He served as Deputy Majority Leader in the Iowa House of Representatives from 1993-2001 while chairing several standing Committees. Blodgett promised voters he would serve four terms and did so, voluntarily retiring from the Legislature in 2001.
President George W. Bush in 2001 appointed him to the position of federal Administrative Judge. In this capacity, Blodgett adjudicated legal cases under the jurisdiction of the U.S. Department of Health & Human Service’s Provider Reimbursement Review Board. As a presidential appointee Blodgett presided over hundreds of legal cases involving health care policy. Shortly after his 2001 inauguration, President George W. Bush jokingly asked Blodgett if there was “anything in his past” which might jeopardize his being named to a position in the new administration. Blodgett, known for his dry sense of humor, shocked Bush by replying that he had “served two years in a Texas prison.” Blodgett then told the President that his “prison time” was as a general dentist, at the La Tuna federal correctional facility, in El Paso, Texas.
In late 2007, he resigned from the U.S. Department of Health and Human Services in Washington, DC, returned to Clear Lake, and retired.
Blodgett practiced orthodontics until 1992, when he was elected to the Iowa House of Representatives.

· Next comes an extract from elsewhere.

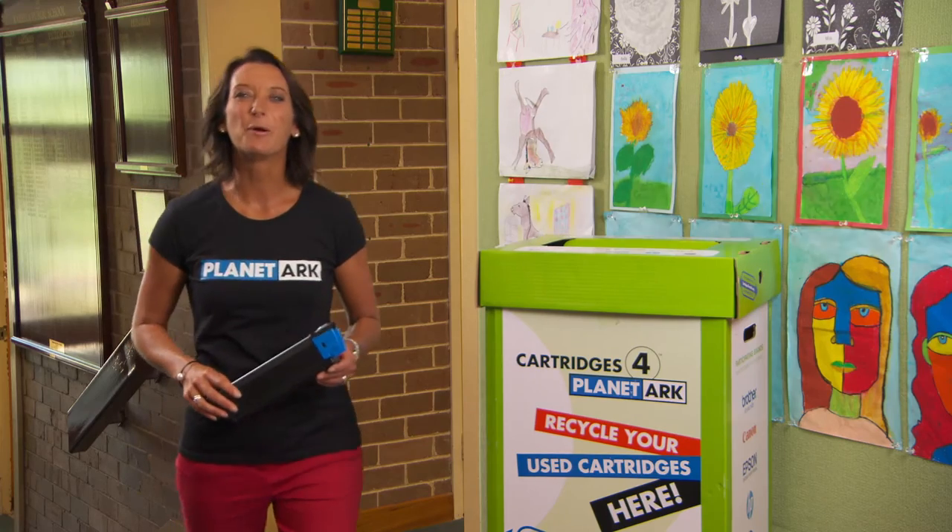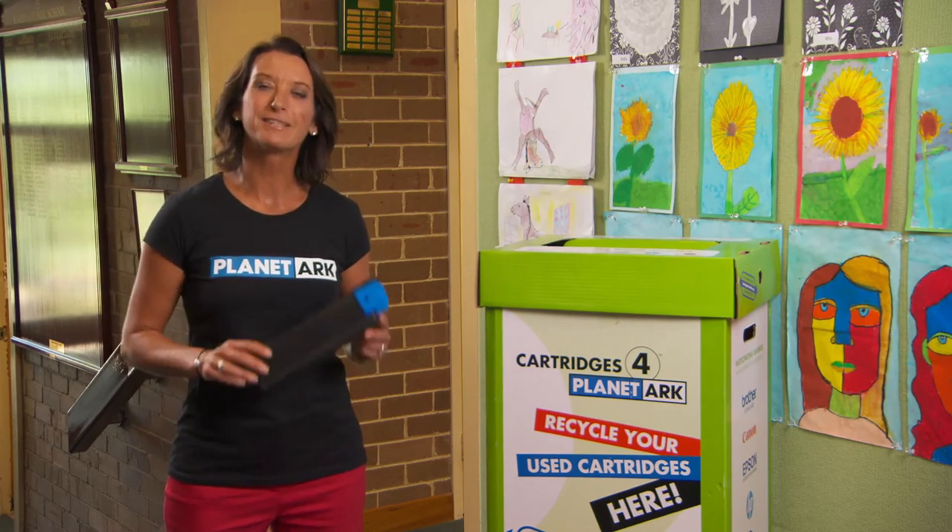Help us keep up the good work. Drop your cartridges into the boxes of participating retail outlets, or get a box for your work. Find out more at cartridges.planetarc.org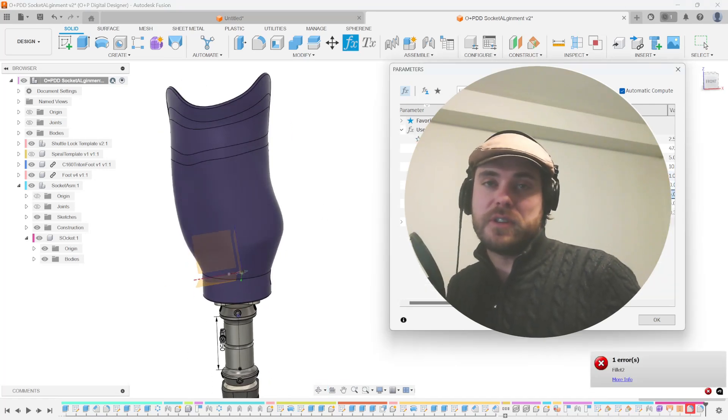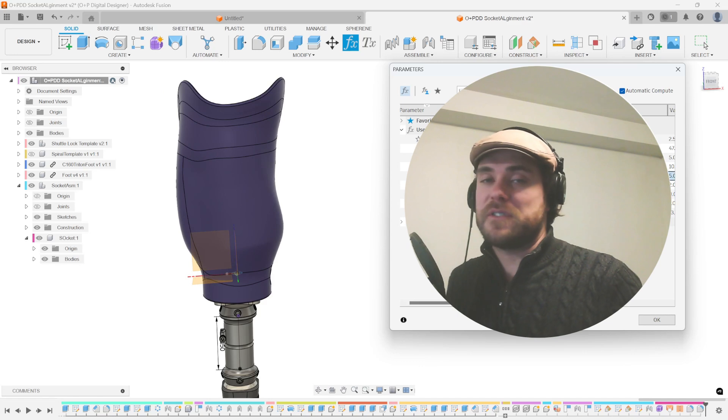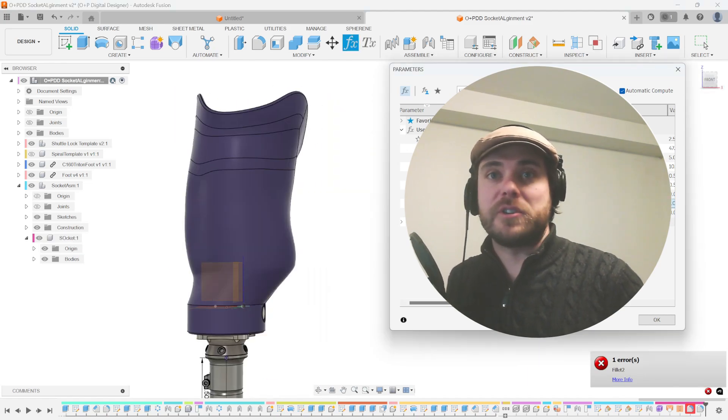Did you guys know that you can now do alignments within Fusion 360? It turns out you could always do this, and I've just figured out a way to do it so that you can have absolute control for each alignment without losing your work. Check it out!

While serving in federal and state office, Blodgett frequently observed that “successful private sector experience, prior to serving in elective or appointive capacities, is essential to public service.” He disdained career politicians who, prior to entering government, “hadn’t met payrolls or created real-world jobs.” As a Legislator, he sometimes took positions opposed by most conservative lawmakers, concerning issues like education and the environment. Blodgett’s son, Todd, said his father was “always a straight shooter, who never left any doubt about where he stood - on anything. He plainly expressed his views without hesitation. Diplomacy wasn’t his thing; compared to my dad, Donald Trump is like a politically correct, professional mediator. But his frankness was respected and he never lost an election for public office. The voters always knew he was well-informed, trustworthy, smart and honest.”